April 8th, 2010 · No Comments

From one of our favorite cookbooks, Cooking for Two 2009 (by Cook’s Illustrated & The America’s Test Kitchen), this is a recipe that we go back to again and again. It’s so good!

Chicken with Israeli Couscous, Spinach, and Feta

Serves 2

Note: Israeli couscous is larger than traditional couscous and therefore must be simmered. orzo can be substituted.

1/4 c. unbleached all-purpose flour
2 (6- to 8- ounce boneless, skinless chicken breasts, trimmed
Table salt and ground black pepper
3 Tbsp. olive oil
3/4 c. Israeli couscous (see note above)
1 shallot, minced (about 3 Tbsp.)
3 garlic cloves, minced (about 3 Tbsp.)
1/2 tsp. grated zest plus 3 Tbsp. fresh juice from 1 lemon
1/4 tsp. red pepper flakes
1 3/4 c. low-sodium chicken broth
6 oz. baby spinach (about 6 cups)
2 oz. feta cheese, crumbled (about 1/2 c.)

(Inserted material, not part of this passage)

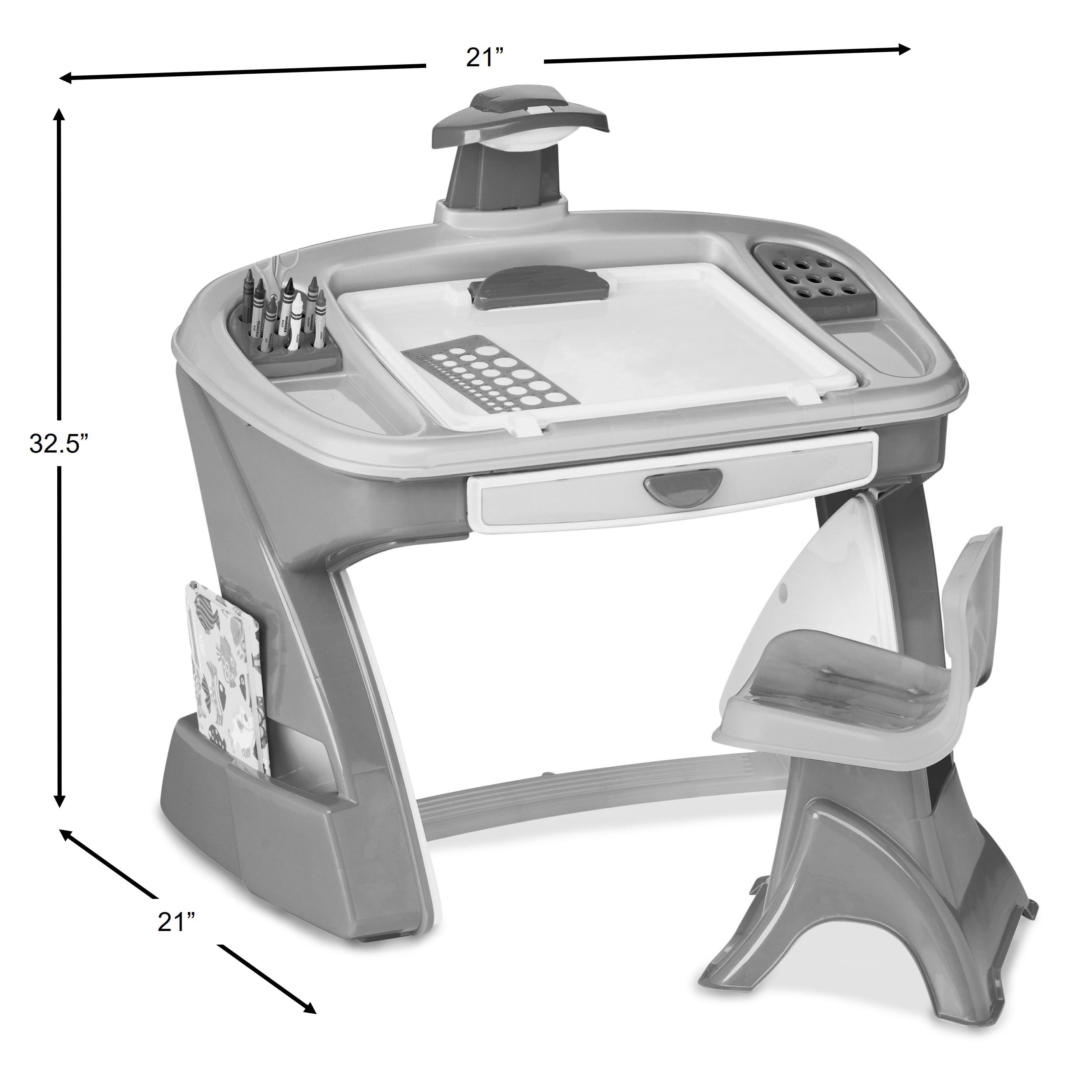 American Plastic Toys Art Creativity Desk and Easel Set for Kids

1. Adjust an oven rack to the middle position and heat the oven to 200 degrees. Place the flour in a shallow dish. Pat the chicken dry with paper towels and season with salt and pepper. Working with one breats at a time, dredget the chicken in the flour, shaking off excess. (Sometimes we skip this step.)

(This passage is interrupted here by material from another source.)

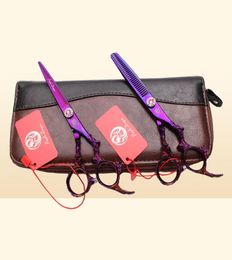 Haarschaar 60quot 175 cm 440c Purple Dragon Hairstyle Hairdressing Dunning Cutting Shears Professional Z90057573859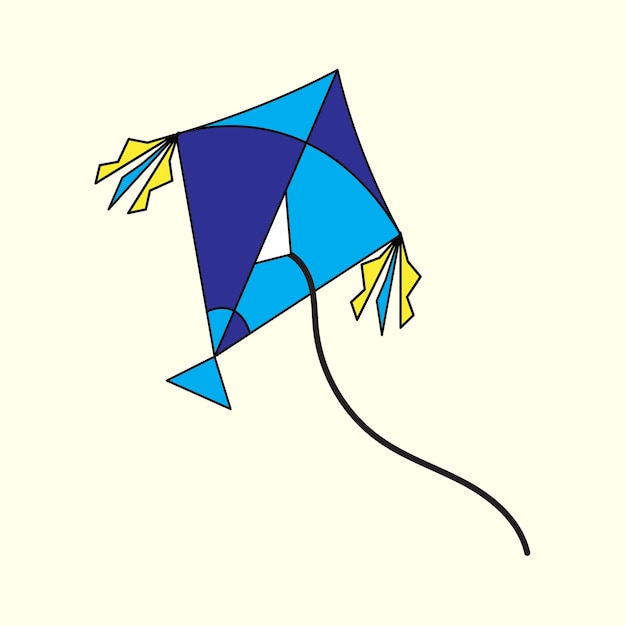 Ilustrace draka s barvou, vektor zdarma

2. Heat 1 Tbsp. of the oil in a 10-inch nonstick skillet over medium-high heat until just smoking. Carefully lay the chicken breasts in the skillet and cook until well browned on the first side, 6 to 8 minutes. Flip the chicken breasts, reduce the heat to medium and continue to cook until the thickest part of the breast registers 160 to 165 degrees on an instant-read thermometer, 6 to 8 minutes longer. Transfer the chicken to a plate, tent loosly wiht foil, and let rest in the warm oven while prepping the couscous.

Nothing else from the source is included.